= Problem details =
Each entry below has to be written out again without any change.
::::
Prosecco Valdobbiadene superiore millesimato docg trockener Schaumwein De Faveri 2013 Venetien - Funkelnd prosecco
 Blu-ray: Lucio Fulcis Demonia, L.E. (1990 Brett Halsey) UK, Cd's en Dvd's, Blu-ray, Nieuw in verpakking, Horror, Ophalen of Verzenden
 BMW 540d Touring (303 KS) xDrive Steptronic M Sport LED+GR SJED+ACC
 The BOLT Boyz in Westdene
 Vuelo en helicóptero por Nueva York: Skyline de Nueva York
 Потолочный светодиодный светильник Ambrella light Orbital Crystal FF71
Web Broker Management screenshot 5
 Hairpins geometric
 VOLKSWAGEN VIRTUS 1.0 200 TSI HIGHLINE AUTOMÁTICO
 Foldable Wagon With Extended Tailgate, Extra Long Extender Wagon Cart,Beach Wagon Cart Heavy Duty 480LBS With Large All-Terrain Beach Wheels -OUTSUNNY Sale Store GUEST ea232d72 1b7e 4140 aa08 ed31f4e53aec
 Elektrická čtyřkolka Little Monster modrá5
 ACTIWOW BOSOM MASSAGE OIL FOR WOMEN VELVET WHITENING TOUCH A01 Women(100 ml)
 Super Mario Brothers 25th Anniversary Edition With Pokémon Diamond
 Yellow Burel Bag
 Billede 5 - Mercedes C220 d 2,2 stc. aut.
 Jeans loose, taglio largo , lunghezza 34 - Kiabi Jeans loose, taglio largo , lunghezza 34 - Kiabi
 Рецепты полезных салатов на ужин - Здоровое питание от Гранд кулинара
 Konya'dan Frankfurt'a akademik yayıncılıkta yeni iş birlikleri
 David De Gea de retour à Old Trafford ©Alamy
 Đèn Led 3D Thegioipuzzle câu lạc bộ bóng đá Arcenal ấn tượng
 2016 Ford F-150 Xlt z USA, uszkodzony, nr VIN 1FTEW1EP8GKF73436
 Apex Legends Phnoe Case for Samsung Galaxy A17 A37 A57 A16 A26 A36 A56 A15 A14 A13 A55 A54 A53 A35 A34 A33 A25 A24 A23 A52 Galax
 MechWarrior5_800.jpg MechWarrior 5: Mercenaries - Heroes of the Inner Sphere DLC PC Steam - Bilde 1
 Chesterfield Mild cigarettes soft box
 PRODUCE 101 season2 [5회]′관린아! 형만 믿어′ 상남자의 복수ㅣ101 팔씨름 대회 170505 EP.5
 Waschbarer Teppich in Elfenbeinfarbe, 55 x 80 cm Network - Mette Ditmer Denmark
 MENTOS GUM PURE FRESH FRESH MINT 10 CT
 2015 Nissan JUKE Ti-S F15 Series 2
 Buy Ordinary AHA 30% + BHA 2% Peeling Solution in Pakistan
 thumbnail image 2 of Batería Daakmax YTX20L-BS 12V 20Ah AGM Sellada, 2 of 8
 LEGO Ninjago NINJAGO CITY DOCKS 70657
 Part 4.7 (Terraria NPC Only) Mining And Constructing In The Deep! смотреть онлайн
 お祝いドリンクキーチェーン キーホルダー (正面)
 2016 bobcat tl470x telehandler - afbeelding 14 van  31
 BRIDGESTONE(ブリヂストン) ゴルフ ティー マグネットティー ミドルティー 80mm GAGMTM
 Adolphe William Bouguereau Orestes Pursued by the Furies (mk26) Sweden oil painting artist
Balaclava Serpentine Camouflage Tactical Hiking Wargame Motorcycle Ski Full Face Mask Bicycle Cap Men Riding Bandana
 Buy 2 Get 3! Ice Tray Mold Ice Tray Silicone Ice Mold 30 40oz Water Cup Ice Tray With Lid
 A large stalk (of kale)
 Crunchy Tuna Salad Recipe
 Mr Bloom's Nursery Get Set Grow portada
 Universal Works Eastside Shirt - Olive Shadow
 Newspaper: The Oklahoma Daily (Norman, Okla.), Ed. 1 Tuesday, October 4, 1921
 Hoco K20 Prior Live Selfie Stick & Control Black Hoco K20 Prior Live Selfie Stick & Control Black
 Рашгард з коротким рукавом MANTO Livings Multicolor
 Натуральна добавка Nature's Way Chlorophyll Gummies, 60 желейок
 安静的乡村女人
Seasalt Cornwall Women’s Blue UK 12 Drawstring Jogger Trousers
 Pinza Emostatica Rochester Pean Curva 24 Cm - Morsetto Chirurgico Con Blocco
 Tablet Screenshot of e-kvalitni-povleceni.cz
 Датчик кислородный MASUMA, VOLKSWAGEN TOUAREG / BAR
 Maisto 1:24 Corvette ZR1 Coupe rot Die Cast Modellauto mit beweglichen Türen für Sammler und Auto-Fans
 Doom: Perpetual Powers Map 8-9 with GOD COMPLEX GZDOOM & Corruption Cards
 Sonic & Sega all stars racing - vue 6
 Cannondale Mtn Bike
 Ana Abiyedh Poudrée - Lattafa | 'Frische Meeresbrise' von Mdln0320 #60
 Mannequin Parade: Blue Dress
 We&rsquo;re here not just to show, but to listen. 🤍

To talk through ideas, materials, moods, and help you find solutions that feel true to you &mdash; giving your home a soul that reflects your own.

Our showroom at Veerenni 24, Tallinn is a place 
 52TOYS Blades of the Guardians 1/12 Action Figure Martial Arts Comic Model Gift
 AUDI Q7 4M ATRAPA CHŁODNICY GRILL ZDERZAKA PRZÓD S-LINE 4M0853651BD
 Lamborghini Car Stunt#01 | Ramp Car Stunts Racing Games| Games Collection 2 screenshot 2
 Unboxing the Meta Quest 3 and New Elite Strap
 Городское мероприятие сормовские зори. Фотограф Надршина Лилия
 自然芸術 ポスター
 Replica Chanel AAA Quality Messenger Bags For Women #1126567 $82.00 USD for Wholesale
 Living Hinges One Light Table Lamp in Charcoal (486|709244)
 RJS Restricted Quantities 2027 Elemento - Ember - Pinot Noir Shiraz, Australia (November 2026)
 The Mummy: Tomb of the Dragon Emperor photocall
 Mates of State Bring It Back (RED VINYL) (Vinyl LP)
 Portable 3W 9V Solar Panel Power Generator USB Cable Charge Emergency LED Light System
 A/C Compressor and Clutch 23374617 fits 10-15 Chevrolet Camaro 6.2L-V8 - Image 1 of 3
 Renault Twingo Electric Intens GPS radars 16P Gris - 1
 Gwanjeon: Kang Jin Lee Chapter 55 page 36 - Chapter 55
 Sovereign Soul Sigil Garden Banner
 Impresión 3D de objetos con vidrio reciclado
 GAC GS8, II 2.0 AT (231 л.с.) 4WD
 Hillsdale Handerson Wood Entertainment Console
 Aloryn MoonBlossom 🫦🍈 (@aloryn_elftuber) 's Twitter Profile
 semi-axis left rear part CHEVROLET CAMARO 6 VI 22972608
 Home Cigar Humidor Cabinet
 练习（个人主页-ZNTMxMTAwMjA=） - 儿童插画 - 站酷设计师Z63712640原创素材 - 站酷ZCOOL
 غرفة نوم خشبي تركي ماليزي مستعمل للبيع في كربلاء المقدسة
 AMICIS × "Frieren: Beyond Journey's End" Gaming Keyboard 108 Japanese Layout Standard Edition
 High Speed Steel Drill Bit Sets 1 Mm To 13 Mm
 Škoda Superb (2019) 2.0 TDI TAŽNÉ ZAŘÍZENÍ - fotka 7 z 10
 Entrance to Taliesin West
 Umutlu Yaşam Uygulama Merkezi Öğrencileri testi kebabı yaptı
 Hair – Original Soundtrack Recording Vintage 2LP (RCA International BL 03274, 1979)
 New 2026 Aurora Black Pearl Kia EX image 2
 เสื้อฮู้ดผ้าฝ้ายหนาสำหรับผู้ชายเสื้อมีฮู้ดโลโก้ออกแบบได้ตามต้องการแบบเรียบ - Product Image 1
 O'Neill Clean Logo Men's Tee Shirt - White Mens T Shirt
::::
= Solution to the exercise =
Prosecco Valdobbiadene superiore millesimato docg trockener Schaumwein De Faveri 2013 Venetien - Funkelnd prosecco
 Blu-ray: Lucio Fulcis Demonia, L.E. (1990 Brett Halsey) UK, Cd's en Dvd's, Blu-ray, Nieuw in verpakking, Horror, Ophalen of Verzenden
 BMW 540d Touring (303 KS) xDrive Steptronic M Sport LED+GR SJED+ACC
 The BOLT Boyz in Westdene
 Vuelo en helicóptero por Nueva York: Skyline de Nueva York
 Потолочный светодиодный светильник Ambrella light Orbital Crystal FF71
Web Broker Management screenshot 5
 Hairpins geometric
 VOLKSWAGEN VIRTUS 1.0 200 TSI HIGHLINE AUTOMÁTICO
 Foldable Wagon With Extended Tailgate, Extra Long Extender Wagon Cart,Beach Wagon Cart Heavy Duty 480LBS With Large All-Terrain Beach Wheels -OUTSUNNY Sale Store GUEST ea232d72 1b7e 4140 aa08 ed31f4e53aec
 Elektrická čtyřkolka Little Monster modrá5
 ACTIWOW BOSOM MASSAGE OIL FOR WOMEN VELVET WHITENING TOUCH A01 Women(100 ml)
 Super Mario Brothers 25th Anniversary Edition With Pokémon Diamond
 Yellow Burel Bag
 Billede 5 - Mercedes C220 d 2,2 stc. aut.
 Jeans loose, taglio largo , lunghezza 34 - Kiabi Jeans loose, taglio largo , lunghezza 34 - Kiabi
 Рецепты полезных салатов на ужин - Здоровое питание от Гранд кулинара
 Konya'dan Frankfurt'a akademik yayıncılıkta yeni iş birlikleri
 David De Gea de retour à Old Trafford ©Alamy
 Đèn Led 3D Thegioipuzzle câu lạc bộ bóng đá Arcenal ấn tượng
 2016 Ford F-150 Xlt z USA, uszkodzony, nr VIN 1FTEW1EP8GKF73436
 Apex Legends Phnoe Case for Samsung Galaxy A17 A37 A57 A16 A26 A36 A56 A15 A14 A13 A55 A54 A53 A35 A34 A33 A25 A24 A23 A52 Galax
 MechWarrior5_800.jpg MechWarrior 5: Mercenaries - Heroes of the Inner Sphere DLC PC Steam - Bilde 1
 Chesterfield Mild cigarettes soft box
 PRODUCE 101 season2 [5회]′관린아! 형만 믿어′ 상남자의 복수ㅣ101 팔씨름 대회 170505 EP.5
 Waschbarer Teppich in Elfenbeinfarbe, 55 x 80 cm Network - Mette Ditmer Denmark
 MENTOS GUM PURE FRESH FRESH MINT 10 CT
 2015 Nissan JUKE Ti-S F15 Series 2
 Buy Ordinary AHA 30% + BHA 2% Peeling Solution in Pakistan
 thumbnail image 2 of Batería Daakmax YTX20L-BS 12V 20Ah AGM Sellada, 2 of 8
 LEGO Ninjago NINJAGO CITY DOCKS 70657
 Part 4.7 (Terraria NPC Only) Mining And Constructing In The Deep! смотреть онлайн
 お祝いドリンクキーチェーン キーホルダー (正面)
 2016 bobcat tl470x telehandler - afbeelding 14 van  31
 BRIDGESTONE(ブリヂストン) ゴルフ ティー マグネットティー ミドルティー 80mm GAGMTM
 Adolphe William Bouguereau Orestes Pursued by the Furies (mk26) Sweden oil painting artist
Balaclava Serpentine Camouflage Tactical Hiking Wargame Motorcycle Ski Full Face Mask Bicycle Cap Men Riding Bandana
 Buy 2 Get 3! Ice Tray Mold Ice Tray Silicone Ice Mold 30 40oz Water Cup Ice Tray With Lid
 A large stalk (of kale)
 Crunchy Tuna Salad Recipe
 Mr Bloom's Nursery Get Set Grow portada
 Universal Works Eastside Shirt - Olive Shadow
 Newspaper: The Oklahoma Daily (Norman, Okla.), Ed. 1 Tuesday, October 4, 1921
 Hoco K20 Prior Live Selfie Stick & Control Black Hoco K20 Prior Live Selfie Stick & Control Black
 Рашгард з коротким рукавом MANTO Livings Multicolor
 Натуральна добавка Nature's Way Chlorophyll Gummies, 60 желейок
 安静的乡村女人
Seasalt Cornwall Women’s Blue UK 12 Drawstring Jogger Trousers
 Pinza Emostatica Rochester Pean Curva 24 Cm - Morsetto Chirurgico Con Blocco
 Tablet Screenshot of e-kvalitni-povleceni.cz
 Датчик кислородный MASUMA, VOLKSWAGEN TOUAREG / BAR
 Maisto 1:24 Corvette ZR1 Coupe rot Die Cast Modellauto mit beweglichen Türen für Sammler und Auto-Fans
 Doom: Perpetual Powers Map 8-9 with GOD COMPLEX GZDOOM & Corruption Cards
 Sonic & Sega all stars racing - vue 6
 Cannondale Mtn Bike
 Ana Abiyedh Poudrée - Lattafa | 'Frische Meeresbrise' von Mdln0320 #60
 Mannequin Parade: Blue Dress
 We&rsquo;re here not just to show, but to listen. 🤍

To talk through ideas, materials, moods, and help you find solutions that feel true to you &mdash; giving your home a soul that reflects your own.

Our showroom at Veerenni 24, Tallinn is a place 
 52TOYS Blades of the Guardians 1/12 Action Figure Martial Arts Comic Model Gift
 AUDI Q7 4M ATRAPA CHŁODNICY GRILL ZDERZAKA PRZÓD S-LINE 4M0853651BD
 Lamborghini Car Stunt#01 | Ramp Car Stunts Racing Games| Games Collection 2 screenshot 2
 Unboxing the Meta Quest 3 and New Elite Strap
 Городское мероприятие сормовские зори. Фотограф Надршина Лилия
 自然芸術 ポスター
 Replica Chanel AAA Quality Messenger Bags For Women #1126567 $82.00 USD for Wholesale
 Living Hinges One Light Table Lamp in Charcoal (486|709244)
 RJS Restricted Quantities 2027 Elemento - Ember - Pinot Noir Shiraz, Australia (November 2026)
 The Mummy: Tomb of the Dragon Emperor photocall
 Mates of State Bring It Back (RED VINYL) (Vinyl LP)
 Portable 3W 9V Solar Panel Power Generator USB Cable Charge Emergency LED Light System
 A/C Compressor and Clutch 23374617 fits 10-15 Chevrolet Camaro 6.2L-V8 - Image 1 of 3
 Renault Twingo Electric Intens GPS radars 16P Gris - 1
 Gwanjeon: Kang Jin Lee Chapter 55 page 36 - Chapter 55
 Sovereign Soul Sigil Garden Banner
 Impresión 3D de objetos con vidrio reciclado
 GAC GS8, II 2.0 AT (231 л.с.) 4WD
 Hillsdale Handerson Wood Entertainment Console
 Aloryn MoonBlossom 🫦🍈 (@aloryn_elftuber) 's Twitter Profile
 semi-axis left rear part CHEVROLET CAMARO 6 VI 22972608
 Home Cigar Humidor Cabinet
 练习（个人主页-ZNTMxMTAwMjA=） - 儿童插画 - 站酷设计师Z63712640原创素材 - 站酷ZCOOL
 غرفة نوم خشبي تركي ماليزي مستعمل للبيع في كربلاء المقدسة
 AMICIS × "Frieren: Beyond Journey's End" Gaming Keyboard 108 Japanese Layout Standard Edition
 High Speed Steel Drill Bit Sets 1 Mm To 13 Mm
 Škoda Superb (2019) 2.0 TDI TAŽNÉ ZAŘÍZENÍ - fotka 7 z 10
 Entrance to Taliesin West
 Umutlu Yaşam Uygulama Merkezi Öğrencileri testi kebabı yaptı
 Hair – Original Soundtrack Recording Vintage 2LP (RCA International BL 03274, 1979)
 New 2026 Aurora Black Pearl Kia EX image 2
 เสื้อฮู้ดผ้าฝ้ายหนาสำหรับผู้ชายเสื้อมีฮู้ดโลโก้ออกแบบได้ตามต้องการแบบเรียบ - Product Image 1
 O'Neill Clean Logo Men's Tee Shirt - White Mens T Shirt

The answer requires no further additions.